Data for this exercise —
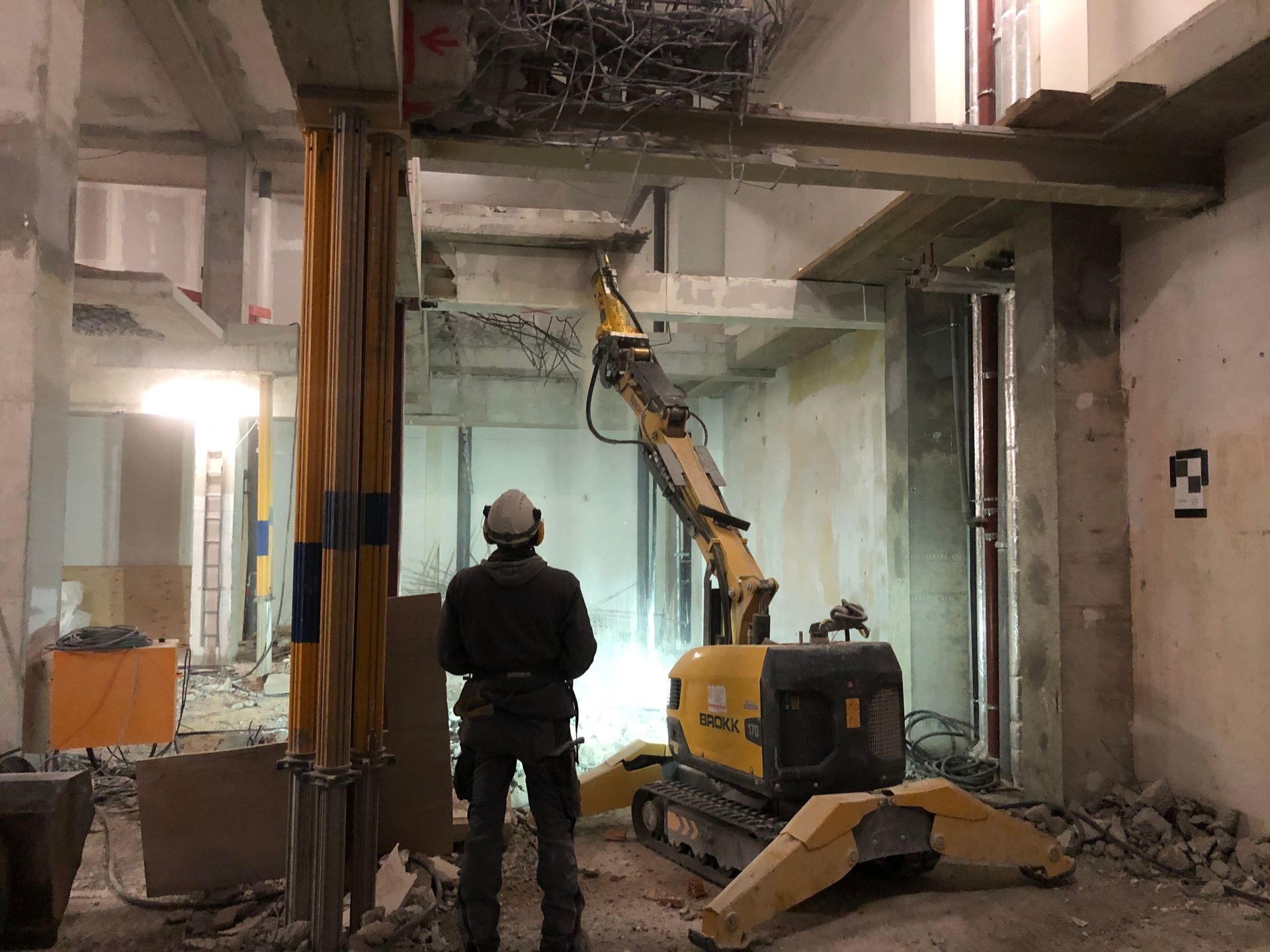 Ein Arbeiter bedient per Fernsteuerung einen Abbruchroboter im Innenraum eines Gebäudes.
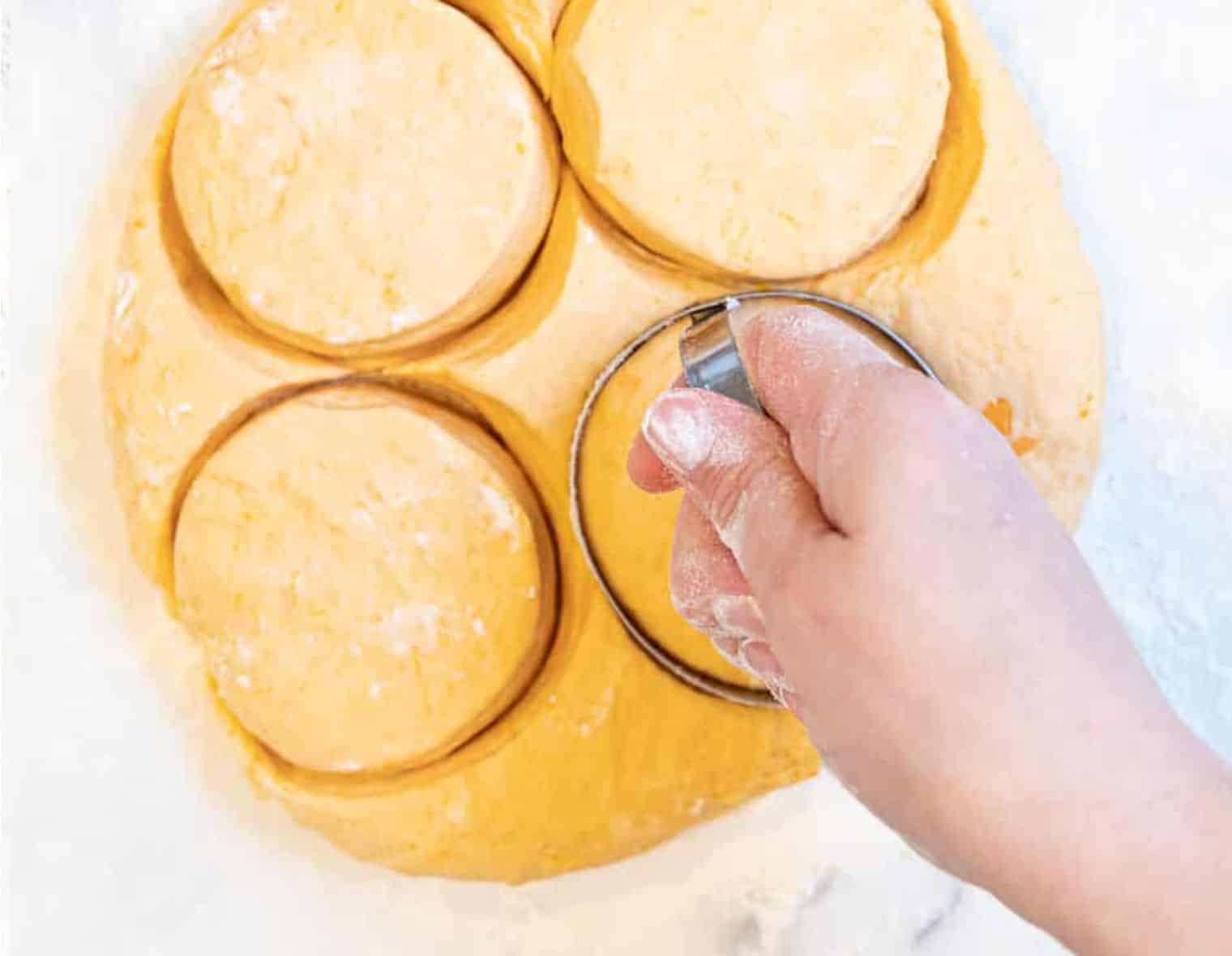 cutting sweet potato biscuits with a round cutter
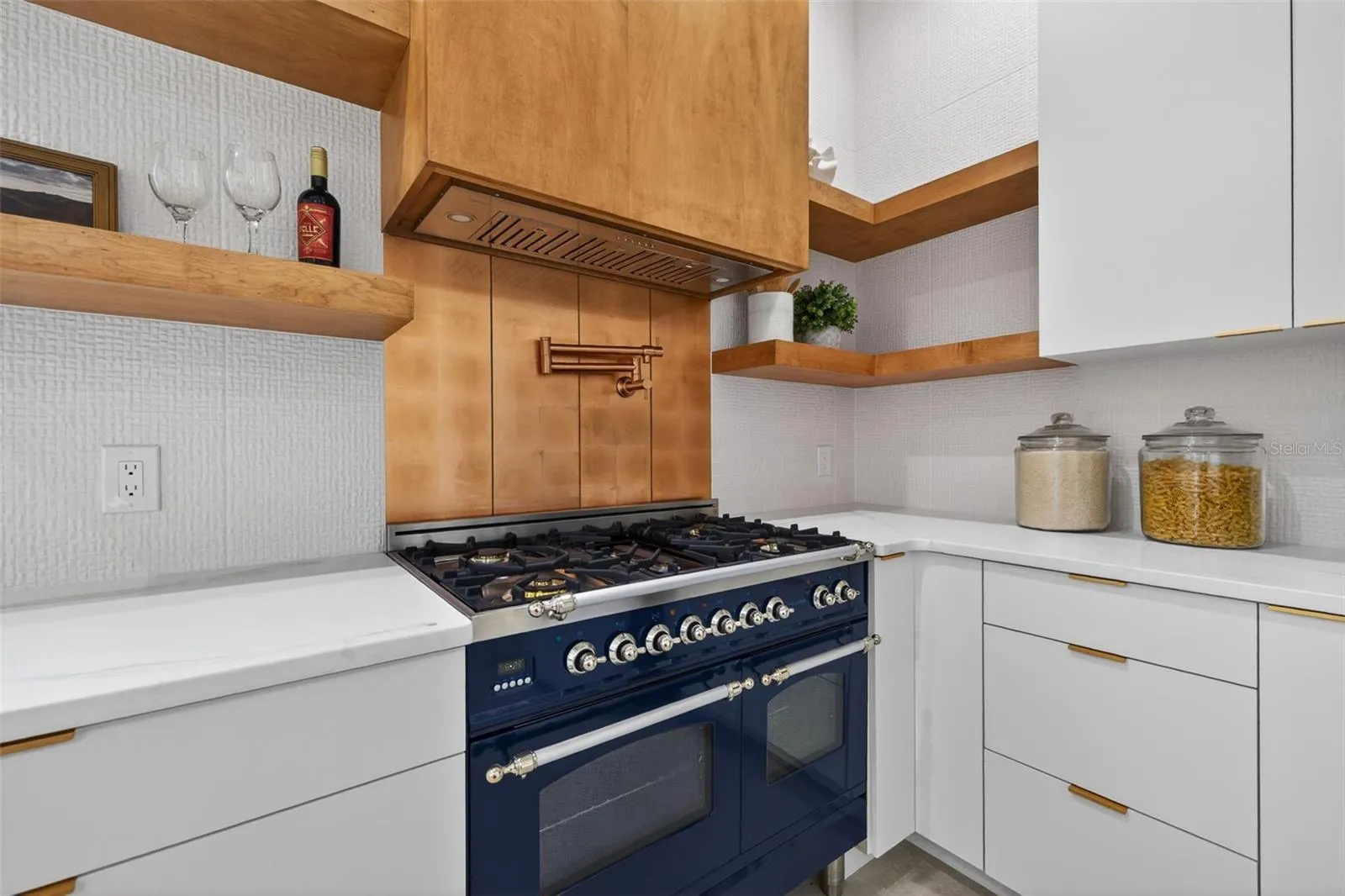 Commercial gas double oven and cooktop.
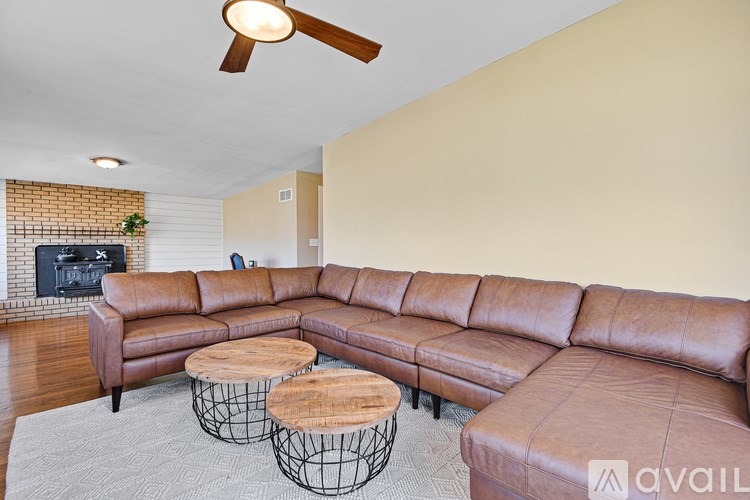 A living room with a brown leather sectional sofa and a wooden coffee table.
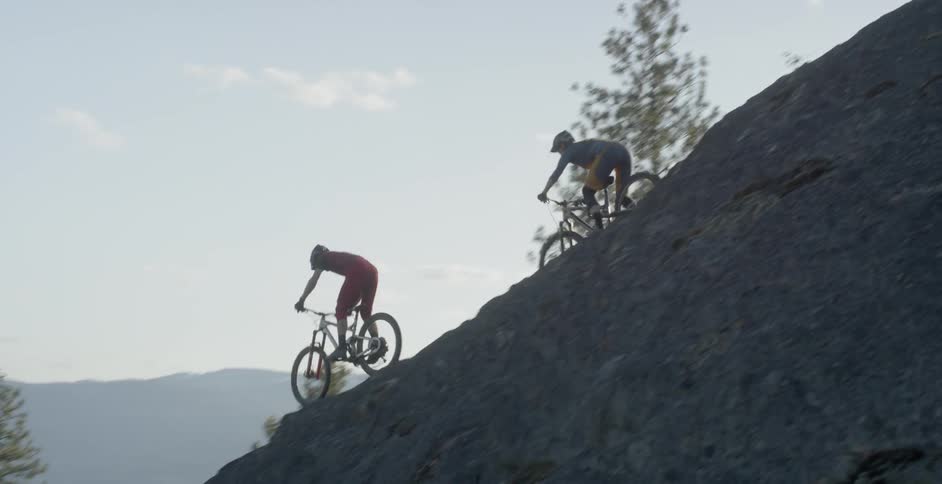 Two people ride mountain bikes down a rocky ridge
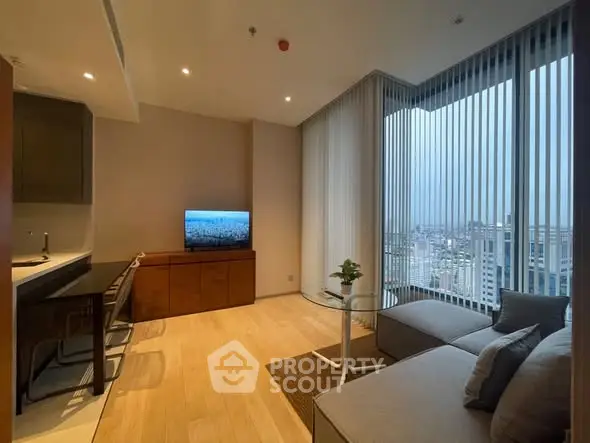 Modern living room with city view, featuring sleek furniture and floor-to-ceiling windows.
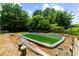 Outdoor view of the pool under construction in backyard surrounded by trees and greenery at 932 Shadowford Fls, Lithonia, GA 30058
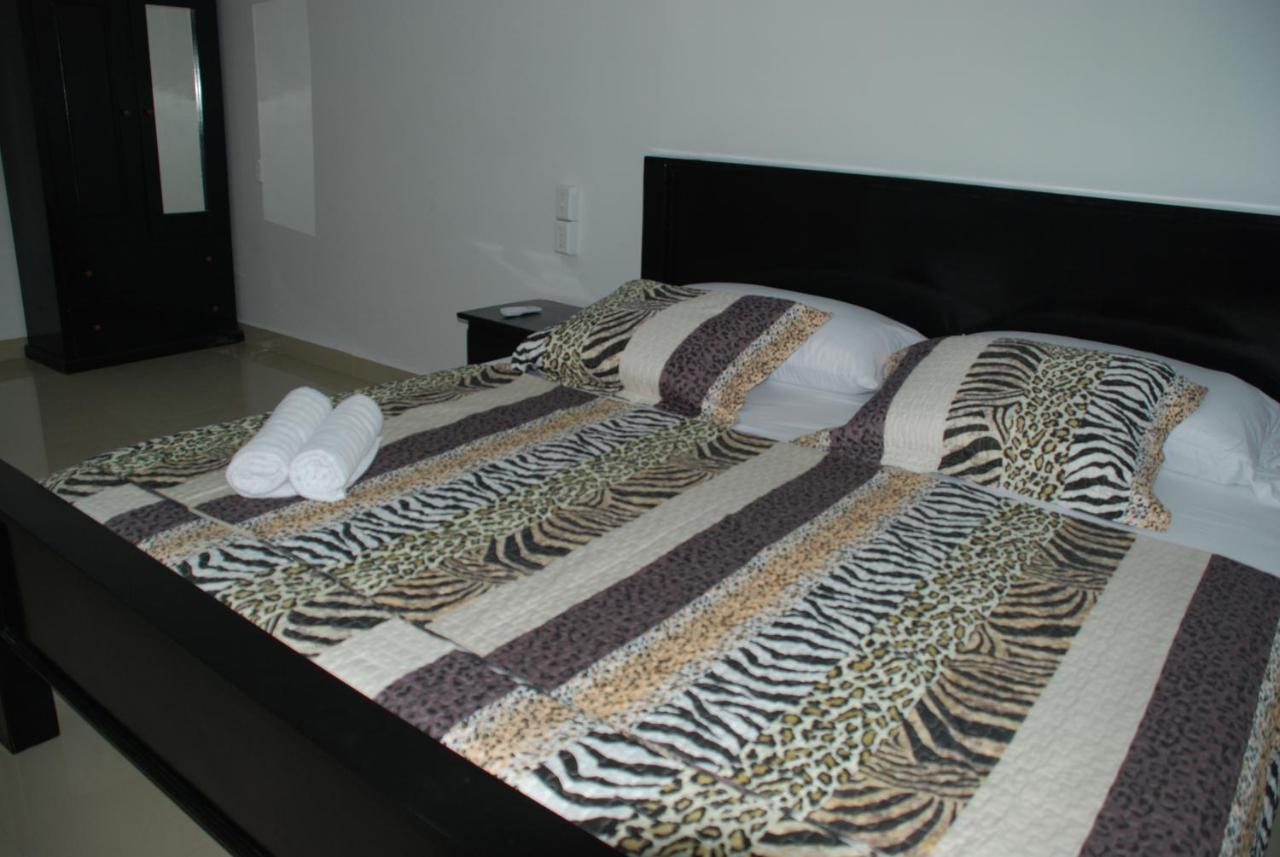 סן פדרו Hotel Coastalbay 2 & Golf Cart Rental מראה חיצוני תמונה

Work request — If an entry contains an image, print the rest of that entry exactly and leave the image out.

Answer to this exercise —
 Ein Arbeiter bedient per Fernsteuerung einen Abbruchroboter im Innenraum eines Gebäudes.
 cutting sweet potato biscuits with a round cutter
 Commercial gas double oven and cooktop.
 A living room with a brown leather sectional sofa and a wooden coffee table.
 Two people ride mountain bikes down a rocky ridge
 Modern living room with city view, featuring sleek furniture and floor-to-ceiling windows.
 Outdoor view of the pool under construction in backyard surrounded by trees and greenery at 932 Shadowford Fls, Lithonia, GA 30058
 סן פדרו Hotel Coastalbay 2 & Golf Cart Rental מראה חיצוני תמונה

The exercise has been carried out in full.